Basic Setup
Set up libraries
library(stringr)
library(dplyr)
##
## Attaching package: 'dplyr'
## The following objects are masked from 'package:stats':
##
## filter, lag
## The following objects are masked from 'package:base':
##
## intersect, setdiff, setequal, union
library(tidyr)
library(ggplot2)
Read Data and Clean up headers
AirlineData <- read.csv("AirlineData1.csv", header=TRUE, blank.lines.skip = TRUE, )
colnames(AirlineData)[1]<-"Airline"
colnames(AirlineData)[2]<-"Status"
AirlineData
## Airline Status Los.Angeles Phoenix San.Diego San.Francisco Seattle
## 1 ALASKA on time 497 221 212 503 1841
## 2 ALASKA delayed 62 12 20 102 305
## 3 AM WEST on time 694 4840 383 320 201
## 4 AM WEST delayed 117 415 65 129 61
Tidy the data
AirlineDataTidy1 <- gather(AirlineData, Destination, Number, Los.Angeles:Seattle)
AirlineDataTidy <- spread(AirlineDataTidy1, Status, Number)

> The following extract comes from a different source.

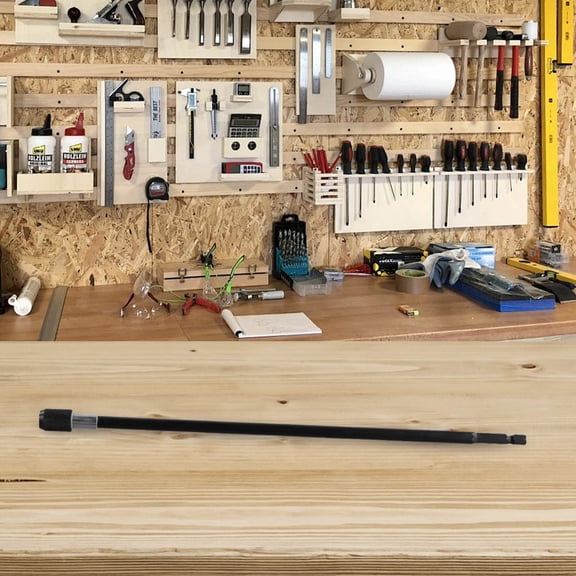 Chrome Vanadium Steel Made Of Chrome Vanadium Steel Bit Holder Electric Drill Drivers Bar Drill Bit Extension Rod Mm Smile Home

colnames(AirlineDataTidy)[3:4]<- c('Delayed','OnTime')
AirlineDataTidy
## Airline Destination Delayed OnTime
## 1 ALASKA Los.Angeles 62 497
## 2 ALASKA Phoenix 12 221
## 3 ALASKA San.Diego 20 212
## 4 ALASKA San.Francisco 102 503
## 5 ALASKA Seattle 305 1841
## 6 AM WEST Los.Angeles 117 694
## 7 AM WEST Phoenix 415 4840
## 8 AM WEST San.Diego 65 383
## 9 AM WEST San.Francisco 129 320
## 10 AM WEST Seattle 61 201
Analysis of Data
Analyse the data for sector specific delays and overall delays
Sector-wise comparison
delaySectorWise <- mutate(group_by(AirlineDataTidy, Airline), DelayPercent=(Delayed/(Delayed+OnTime))*100)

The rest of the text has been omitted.